Next, let's study how the fraction of people with income exceeding 50K depends on other variables, which is closer to the final classification task. We will do that with pivot_tables
d. Pivot tables¶
# simple example of a pivot table. Note that the next pivot table is equivalent to
# train_data.groupby(by='income_class').mean()
pd.pivot_table(train_data, index='income_class', aggfunc='mean')
To be able to calculate the fractions of people earning more than 50K, add a column with 0/1 values to indicate income less/more than 50 K, and a column 'age_group' to divide people over and under 50 years of age.
for df in [train_data, test_data]:
df['larger_50K'] = df['income_class'].apply(lambda x: int(x == '>50K'))
df['age_group'] = df['age'].apply(lambda x: '>=50' if x >= 50 else '<50')
train_data.dtypes
Note that "larger_50K" automatically became categorical. We want an integer, to be able to aggregate:
train_data['larger_50K'] = train_data['larger_50K'].astype('int')
test_data['larger_50K'] = test_data['larger_50K'].astype('int')
pd.pivot_table(train_data, values='larger_50K',
index=['race', 'age_group'], columns=['sex'], aggfunc='mean' )
fig, axs = plt.subplots(1, 2, figsize=(12, 4))
# Do a pivot_table for the Female population
pd.pivot_table(train_data.loc[train_data.sex=='Female', :], values='larger_50K', index=[ 'race'],
columns=['age_group'], aggfunc='mean' ).plot(kind='bar', fontsize=14, ax=axs[0])
axs[0].set_title('Females', fontsize= 15)
axs[0].set_ylim([0, 0.5])
# Male population
pd.pivot_table(train_data.loc[train_data.sex=='Male', :], values='larger_50K', index=[ 'race'],
columns=['age_group'], aggfunc='mean' ).plot(kind='bar', fontsize=14, ax=axs[1])
axs[1].set_title('Males', fontsize= 15)
axs[1].set_ylim([0, 0.5]);
Chances of being in the over-50K group for Females is highest in the over 50, Asian-pacific group. For Males, they are highest for Asian-pacific and White groups, also in the over-50 age category.
Note that seaborn offers the facetgrid that can do similar plotting. Finally a (seaborn) pairplot, which gives some indication of how separable the data is by any pair of features.

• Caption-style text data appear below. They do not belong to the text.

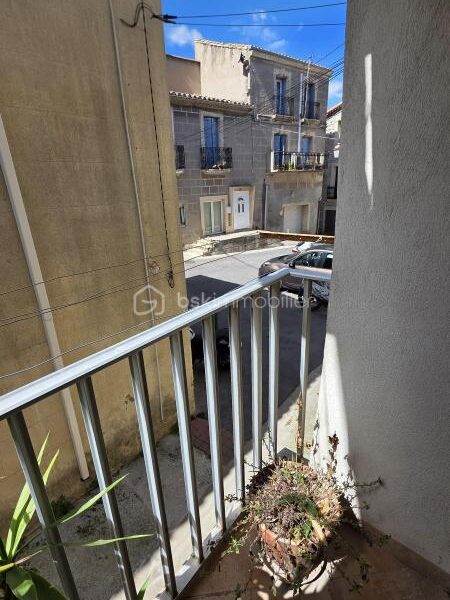 Maison à vendre à Mireval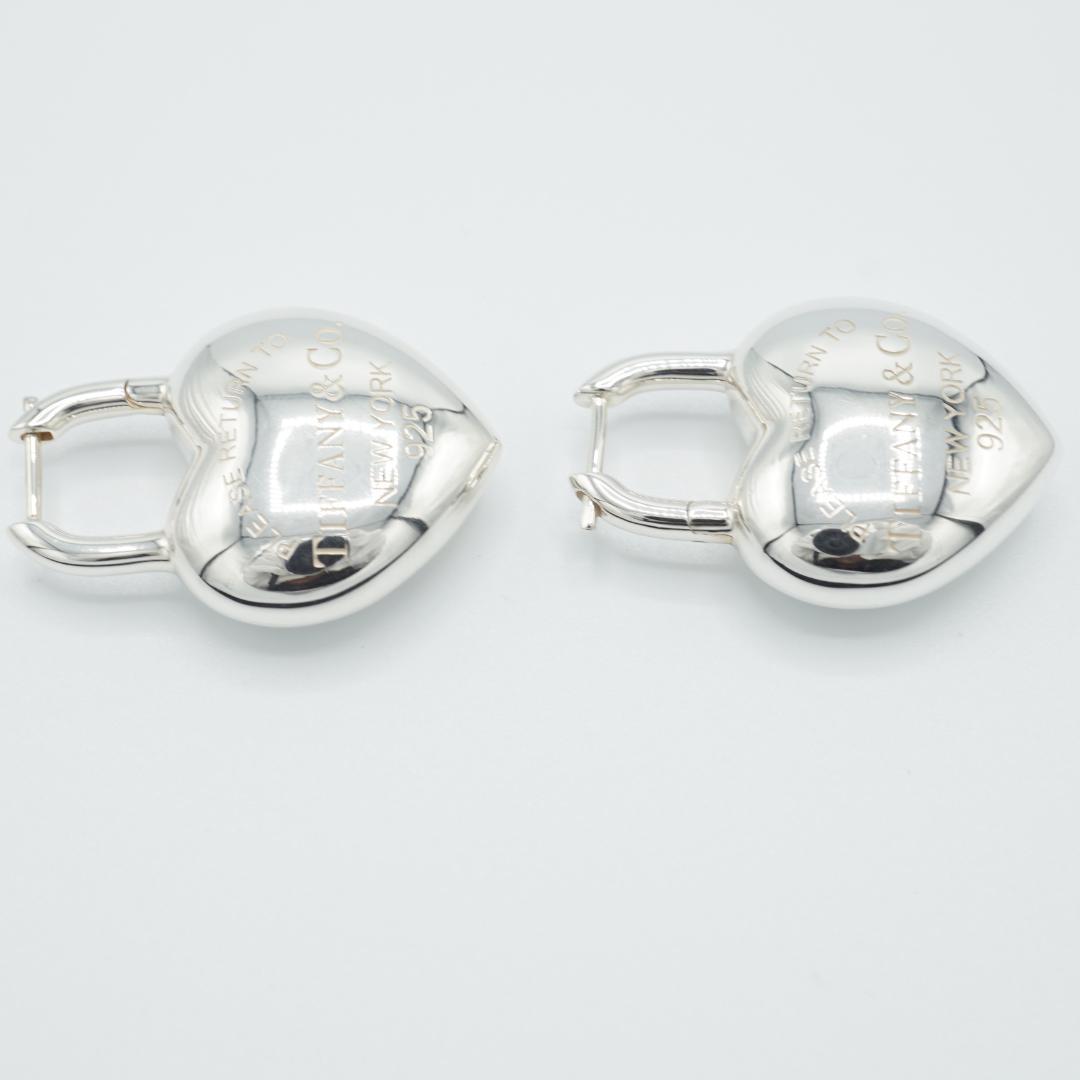 Tiffany Earrings (Pairs) Tiffany&Co.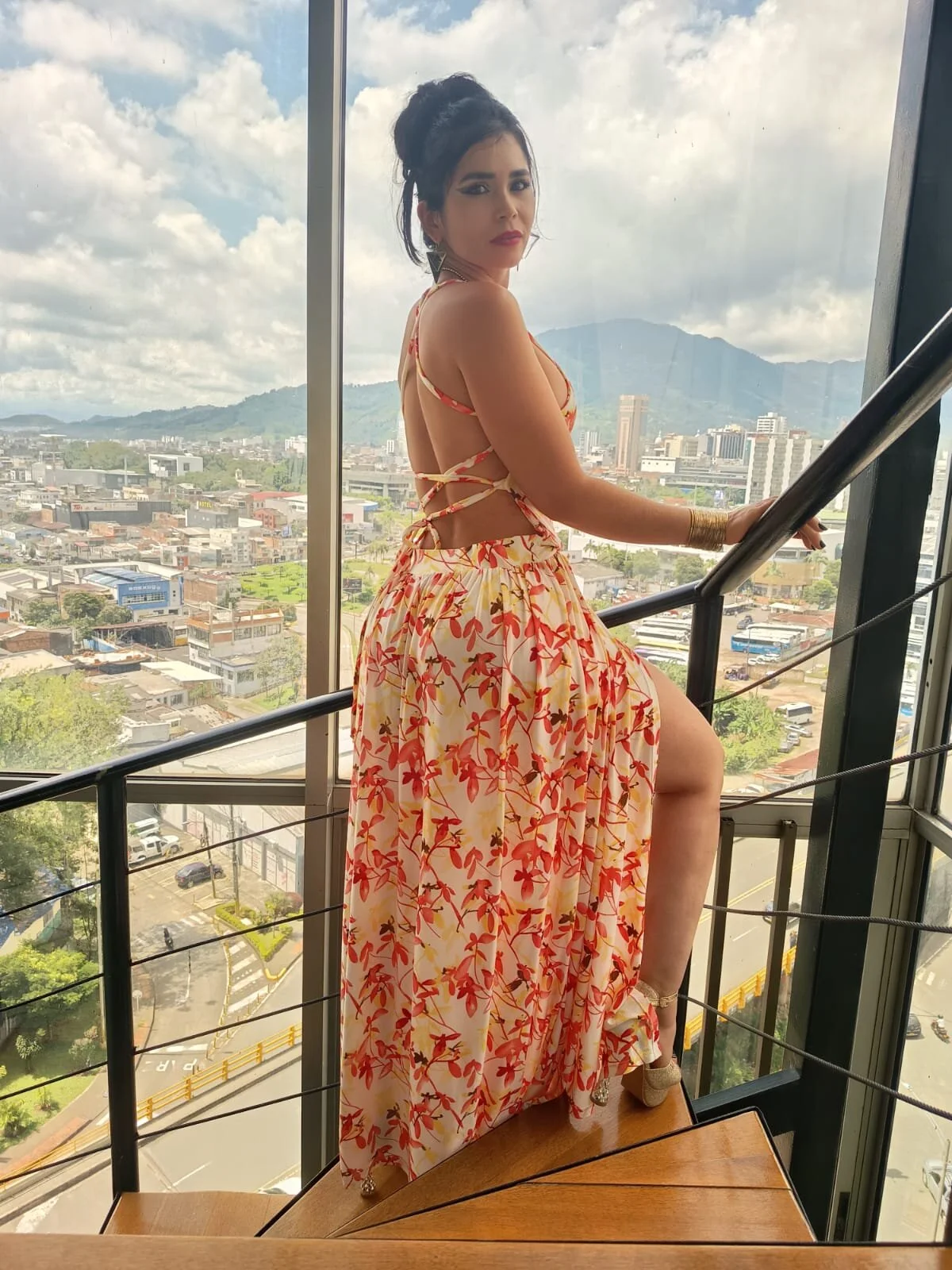 XXX Porn Photo of Nude rachel_mendoza 56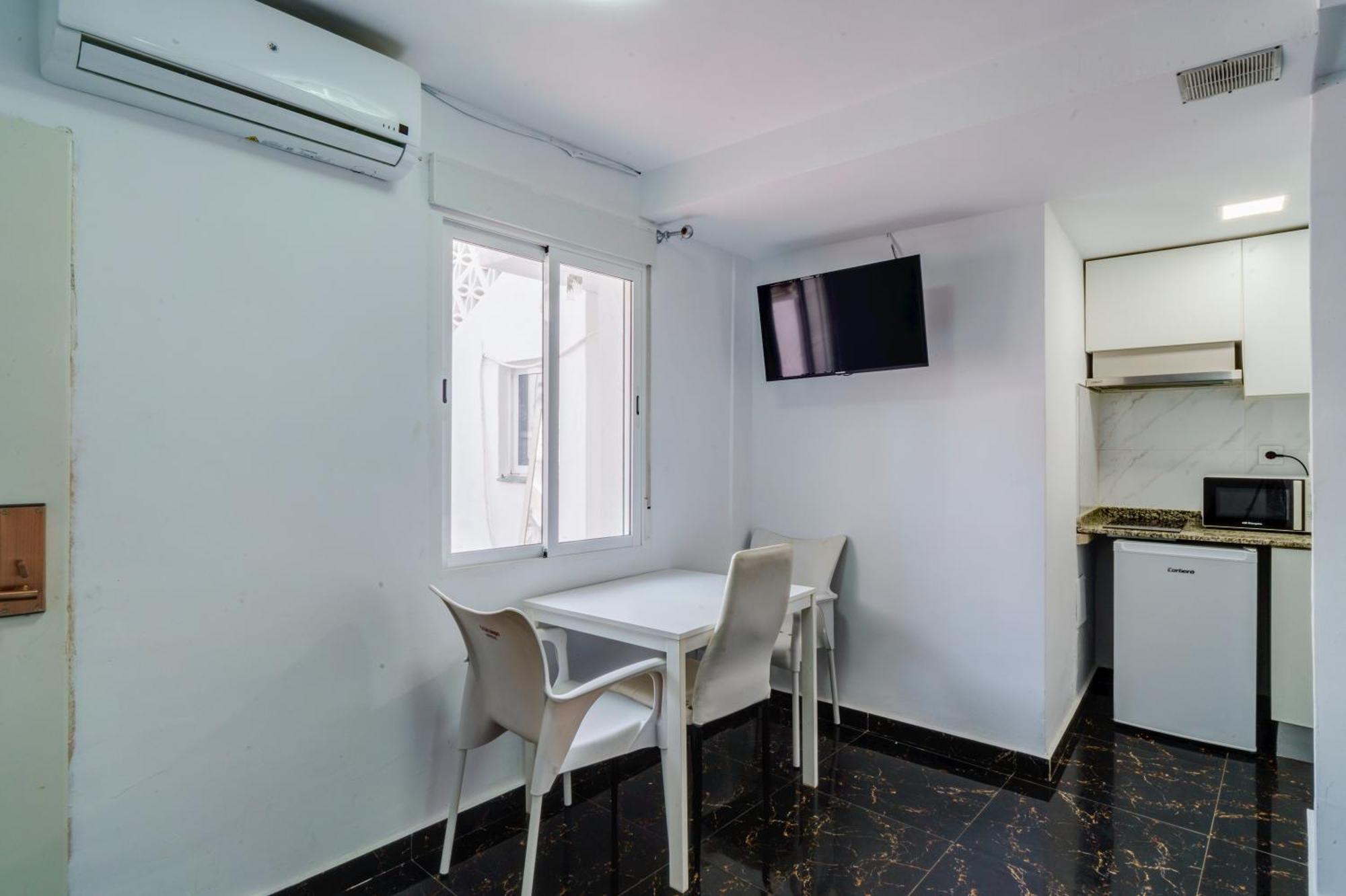 Rancho Grande Hotel Marbella Ngoại thất bức ảnh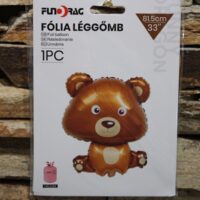 fólia lufi,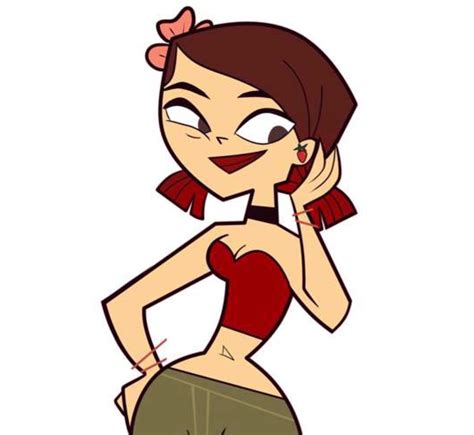 𝑆𝑡𝑟𝑎𝑤𝑏𝑒𝑟𝑟𝑦𝑍𝑜𝑒𝑦 Total Drama Official Amino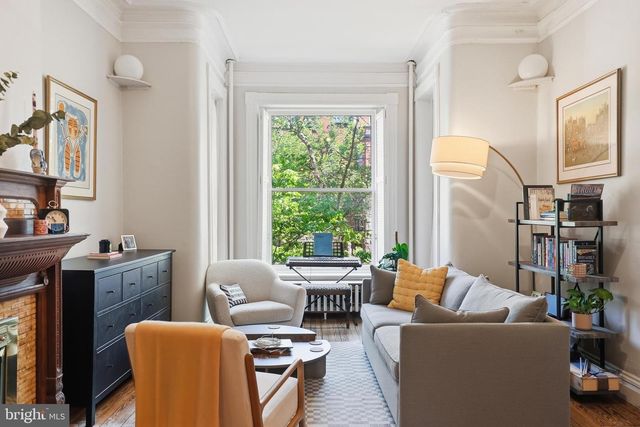 1708 Q ST NW, Washington, DC 20009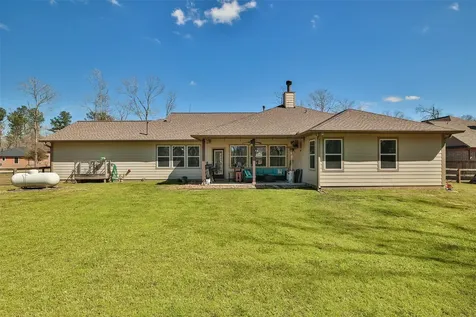 27627 Concho Drive Splendora TX 77372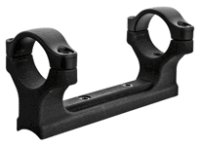 DURASIGHT Z-2 DEAD-ON MOUNT – ALL CVA 2010+ GUNS MED BLACK
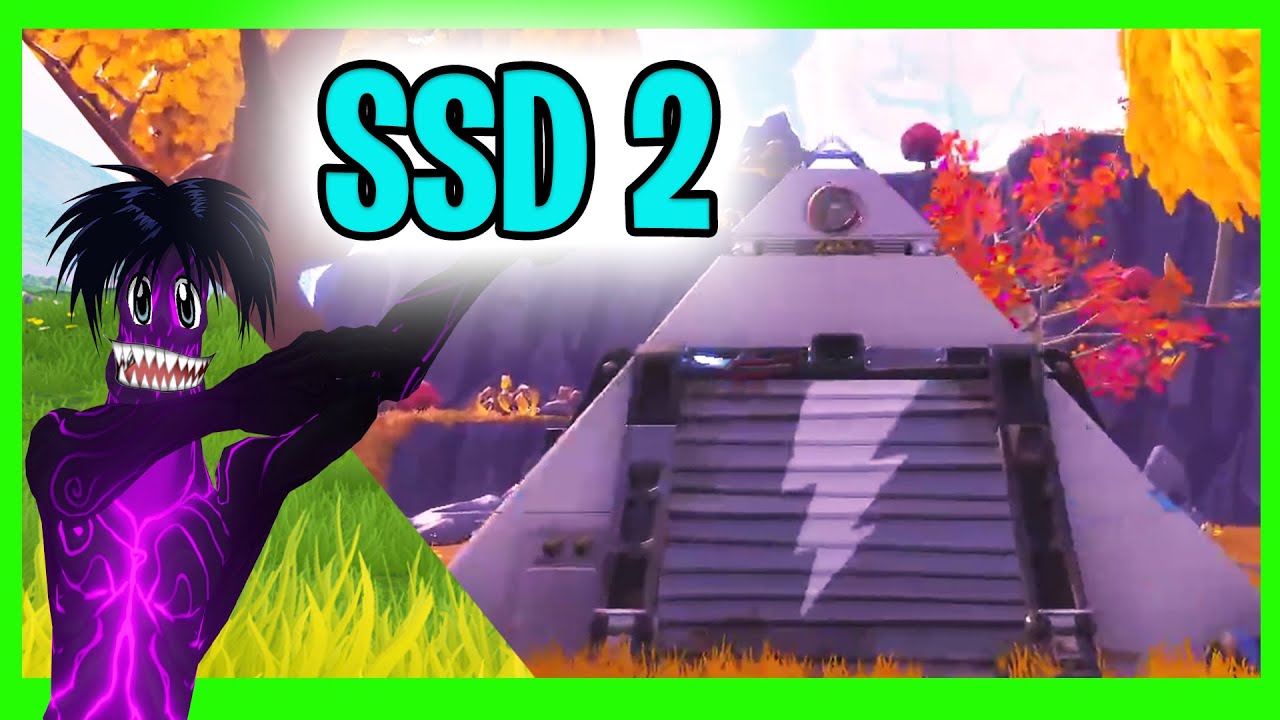 Plankerton Storm Shield Defense 2  || Fortnite STW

# Plot only numerical values (the "hue" comes from a categorical one: 'income_class')
num_cols = list(train_data.columns[train_data.dtypes == 'int'])
# Limit the plot in number of points, and do not take all numerical columns (note that categorical variables are
# automatically excluded)
sns.set(font_scale=1.5)
sns.pairplot(train_data.loc[::10,num_cols + ['income_class']], hue='income_class', plot_kws=dict(s=20, alpha=0.8));
It looks like we have good chances to separate the two classes.
A final question to answer: What is education_num. Can we use it as a numerical variable? Or is it an (unordered) categorical variable?
train_data.pivot_table(values='education_num', index='education').sort_values(by='education_num')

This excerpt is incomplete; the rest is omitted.